You want fulfill 13 cliches (as man + sailor) as following and documented on the blog of Claire Shefchik? - If so, dont wonder why women keep away...

Claire's latest blog couple days ago (20th October) has the headline:
"13 reasons you should never date a sailor"

Quote:
1. You’ll mistake a sailor’s boundless enthusiasm for sailing for boundless enthusiasm for you.
I mean, there’s nothing more romantic than sitting perched on a deck box, shoulder to shoulder, watching a sailor’s skillful hands shape those endless bowlines and stoppers as he explains his methods... bla, bla, bla...

2. Sailors mansplain and make you feel stupid.

Carrying all that ancient seafaring knowledge around with them, sailors are invariably wicked smart and can teach you things about currents and tides and maritime regulations that will leave your head spinning... bla, bla, bla....

3. You won’t always be able to accompany him on his exotic windswept adventures.
The Galapagos? Zanzibar? Sri Lanka? Antarctica? They’re all at your fingertips with a sailor at your side. Of course, like the rest of us, you live in the real world... bla, bla, bla...

4. Sailors party harder than anyone.

Why wouldn’t they, when they just spent a month at sea stone cold sober, working 12-hour days? However, you may find the bacchanal ending abruptly when he flips the dinghy trying to get back to the boat at 4am after one too many Windhoeks... bla, bla, bla....

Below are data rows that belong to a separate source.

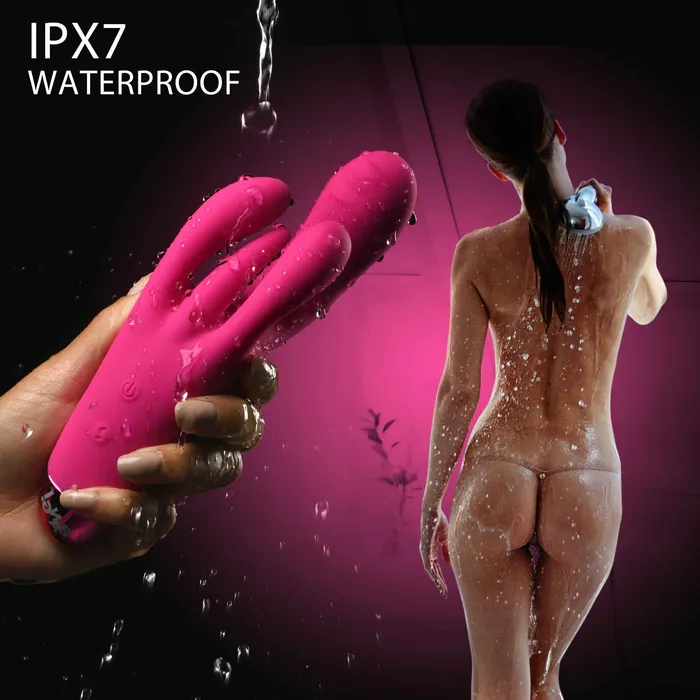 Vibrators XR Brands 10X Triple Rabbit Silicone Vibrator Pink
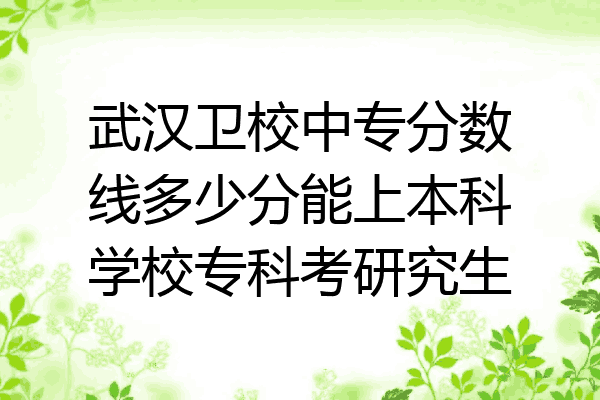 武汉卫校中专分数线多少分能上本科学校专科考研究生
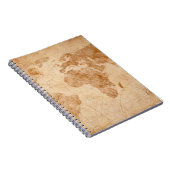 古代ヴィンテージ世界地図イラスト地図，世界， ノートブック (右側)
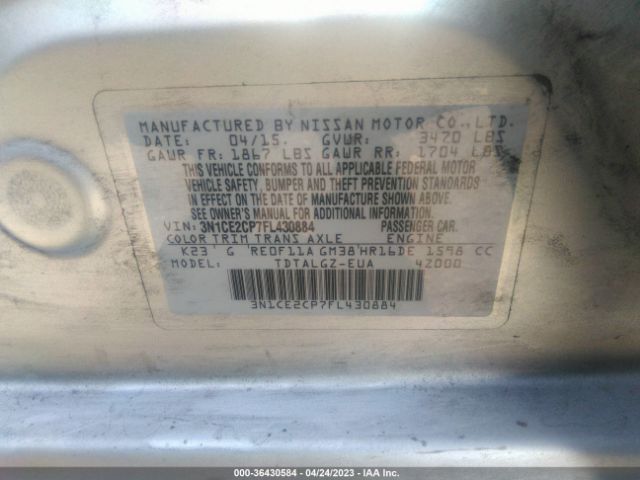 3N1CE2CP7FL430884 Nissan Versa Note Sr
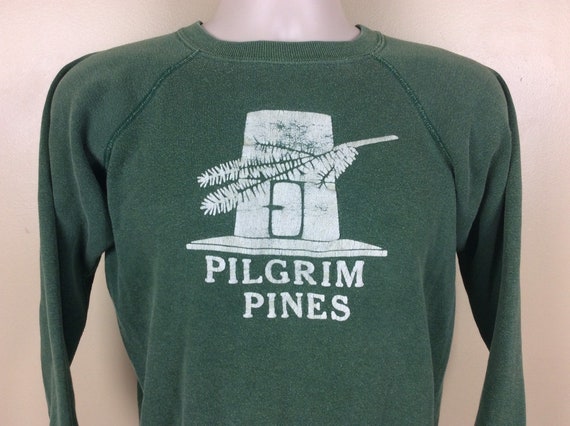 Vtg 70s Huskee Mills Pilgrim Pines Raglan Sweatsh… - image 1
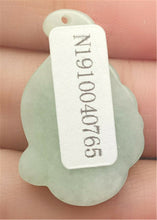 Load image into Gallery viewer, 10% OFF- Certified Natural Gold &amp; Icy Jadeite Emerald A*Jade HandCarved Tablet Ruyi 吉祥如意 Pendant N0765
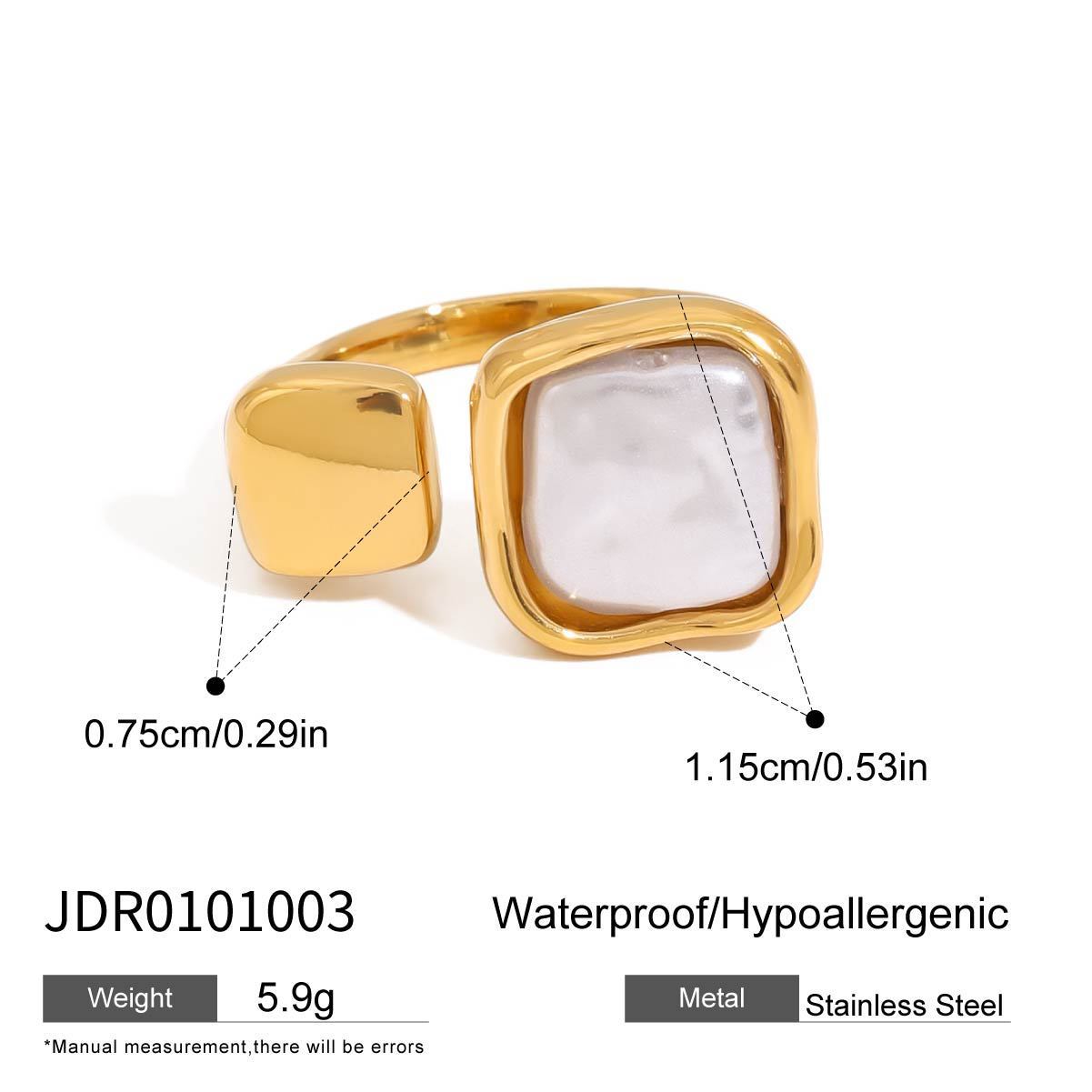 Stainless Steel Pearl Ring Titanium Steel No Fading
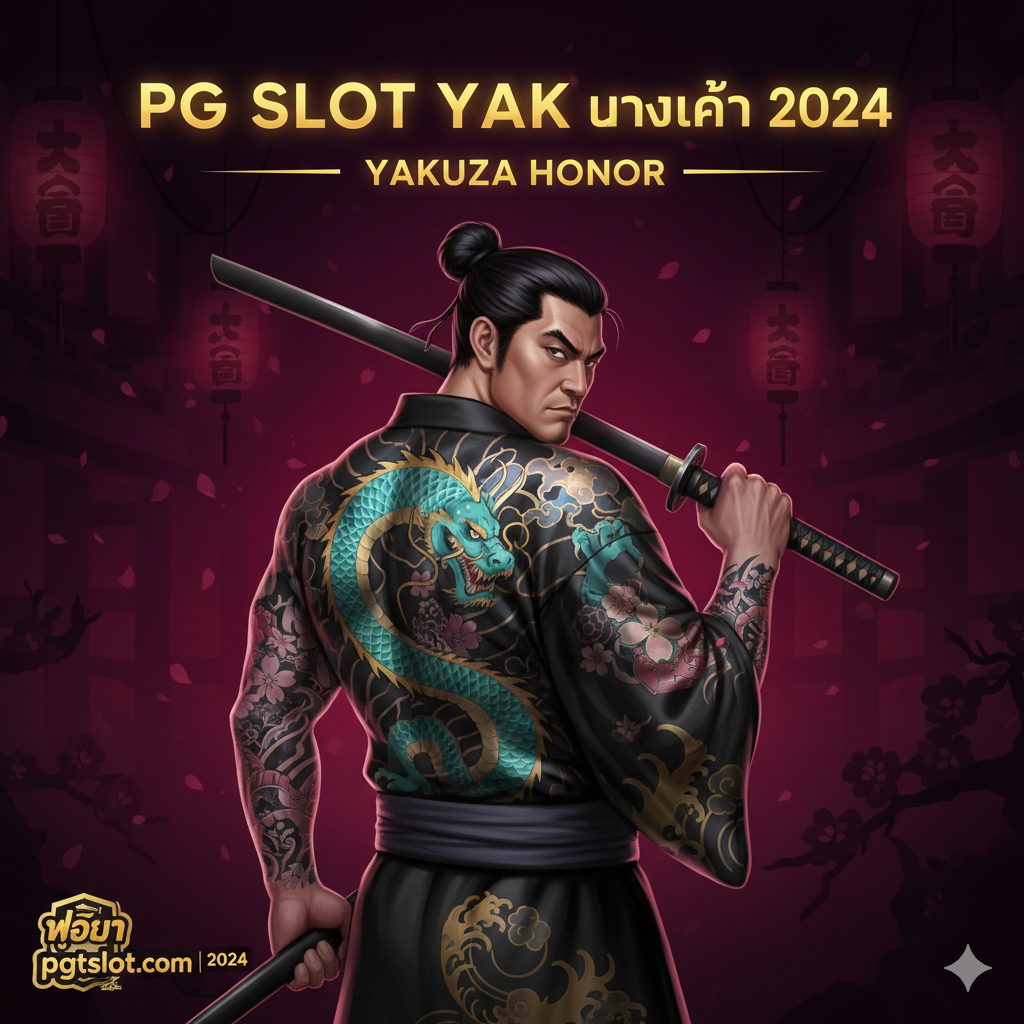 展示游戏核心功能和机制的截图或合成图。重点突出Yakuza Honor游戏的6x5 视频老虎机布局和Wilds-on-the-Way（สัญลักษณ์กรอบทอง）功能。画面中展示一个高赔付符号（如老大或龙形刺青）被金色边框（Wilds-on-the-Way）包围，并即将转化为Wild符号的情景。下方应有Free Spins字样或Scatter符号（ยากูซ่าหน้ากาก）在转轴上闪烁，强调进入免费游戏模式的潜力。整体风格为游戏内截图，色彩鲜明，突出转轴和高倍数符号，增强玩家对游戏“แตกง่าย”的期待感。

5. That postcard he’s frantically scribbling isn’t really to his mother.
Yes, a “girl in every port” is a saying for a reason, but it’s not that simple. If there’s anything a sailor likes more than having a girl in every port, it’s having a girl he’s known since high school to joyfully meet him when he gets home.... bla, bla, bla...

6. Sailors think differently about monogamy than us landlubbers.
Speaking of that “girl in every port” thing, how is it cheating when you know you’ll never see the person again, and when his girlfriend could never possibly find out? ... bla, bla, bla...

7. Sailors are uncivilized.

Hey, after two months at sea, crammed into a testosterone-fueled cabin with no contact with the outside world, you’d go feral, too. ... bla, bla, bla...

8. You won’t always share their sense of humor.

Sailors are hilarious, it’s true — they’ll crack you up with jokes they honed sitting in the wheelhouse during those endless night watches. But when you — or your body, or your sexual habits... bla, bla, bla...

9. Don’t expect to be whisked away on a luxury yacht as a reward for sticking around.
Sailors’ wages are always crap, and whatever money they do make goes on beer. Even if they do manage to save up enough money to buy their own boat (as all sailors are trying to do) chances are it will be a rotting hunk of junk, because boats are expensive to maintain... bla, bla, bla...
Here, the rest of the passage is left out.